The first four, from the comfort of home!

1. Balvenie 17 year old Islay Cask (OB, 43% ABV)
not the 'Peated Cask' from four years back, but the original 'Islay Cask' from ten years ago.
Nose -- Starts in Speyside: Peaches, Oranges, and Vanilla.  Then gradually shifts.  Citronella candles, anise, plaster, ashes, and lots of soil.
Palate -- Lots of dirt, roots, and bark.  It gradually grows sweeter.  Then there are hints of flowers and lemon.  A bitterness builds that feels more woody and resinous than herbal.
Finish -- Both sweet and bitter.  Cigarette ashes.

Grade Range: B-/B
I love herbal bitterness in my whisky, but woody bitterness is often due to cask problems.  I learned that lesson harshly with my own whisky barrel.  Without all of that resin, this would have been a B+.

2. Loch Lomond Peated, green label (OB, 46% ABV)
why not, right?
Nose -- Quite Finlaggan-esque, very young and very skunky.  Garbage on a hot day, rotting lettuce, notebook paper.  Also some cotton candy, apple skins, toasty grains, and peat moss.
Palate -- Much softer than the nose.

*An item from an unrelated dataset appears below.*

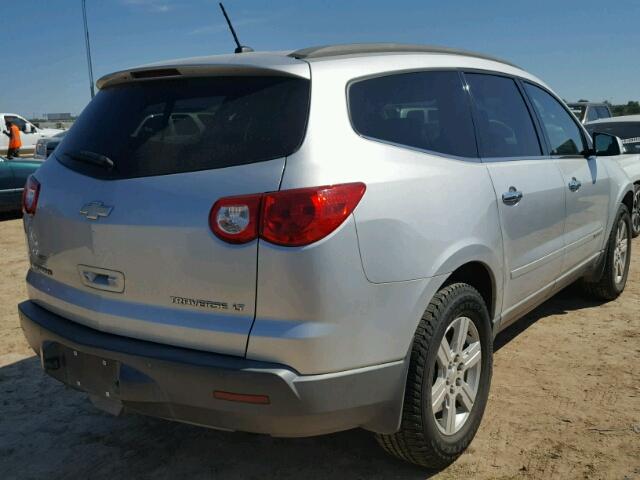 1GNER23D19S148009 - 2009 CHEVROLET TRAVERSE SILVER photo 4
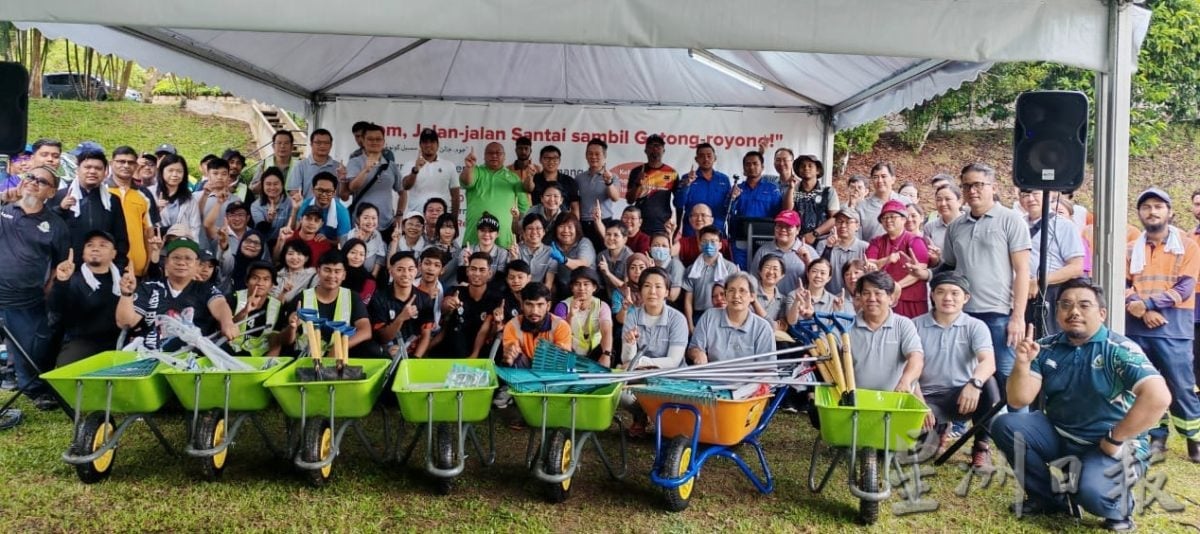 东:(已签发)120名志工情人瀑布路段大扫除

Wormwood bitterness and a peatin' that gets sweeter with time.  But the two biggest notes are wood smoke and burnt marshmallows.
Finish -- Wood smoke and a little bit of sugar.

Grade Range: D+/C-
The nose is a hot mess, but the palate is good enough that I would drink this again.  Or at least I'd drink this before I'd drink The Fin, again.

3. Bowmore 16 year old 1990 Sherry Cask (OB, 53.8% ABV)
the casks were ex-olorosos
Nose -- Smoked sherry, tar, moss, and baking chocolate.  Then cigarettes, rotting apples, and dried grass clippings.  With water, it gets grassier and mossier.
Palate -- Hot.  Now the sherry is burnt.  Ashes, burnt peanuts.  Some sweet orange stuff.  With water, it gets grassier and bitterer.  The smoke and sweets remain.
Finish -- Sherry, ashes, maybe lavender?  No change with water.

Grade Range: B-
The nose is a B+, easily.  But the palate is oddly bland, though water helps a little.

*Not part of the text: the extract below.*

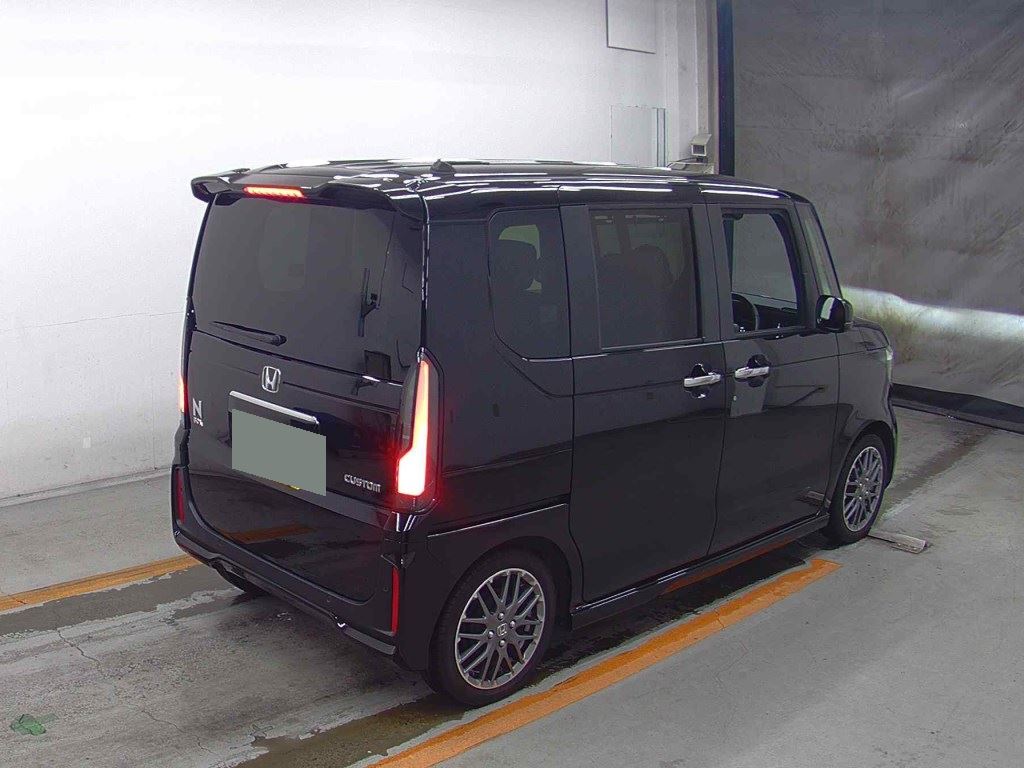 2024 HONDA N-BOX CUSTOM TURBO photo 5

4. Laphroaig 13 year old 1994 (Cadenhead, 54.7% ABV)
from a single ex-bourbon hogshead; I'd hoped to get a bigger sample but this bottle went quickly
Nose -- A real softie. Saline nasal spray. Cigarettes in strawberry ice cream.  Leather, hay, armpits, and dusty book pages.
Palate -- Sugared-up peat moss.  Smoke and a good bitterness that develops with air.  Vanilla and a peppery zing.  Hints of sweet citrus.
Finish -- Lemon-lime fizzy, peat smoke, vanilla.

Grade Range: B-/B
Mild and light, it's the politest bourbon cask Laphroaig I've tried.  While nothing is technically wrong with it, there's not a whole lot to recommend.  It falls short of the official 10yo CS batches (including 005).

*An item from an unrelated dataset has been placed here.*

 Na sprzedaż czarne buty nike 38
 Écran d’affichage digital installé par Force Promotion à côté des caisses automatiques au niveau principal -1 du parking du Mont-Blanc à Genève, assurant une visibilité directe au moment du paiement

Okay, so far Laphroaig probably edges the Balvenie for first place and the Loch Lomond sits comfortably in dead last.  Let's see what happens in next weekend's Part 2...

4 comments:

  1. Even though the idea of whisky festivals, in principle, is appealing to me I can never bring myself to attend any. Large crowds, high prices, uninspiring selections (in the US), heat, difficulty of tasting anything properly---all these things are off-putting. Looks like you've solved the last one at least. Are these 1/2 ounce samples? Is that the same size pour as you'd get if you were drinking there?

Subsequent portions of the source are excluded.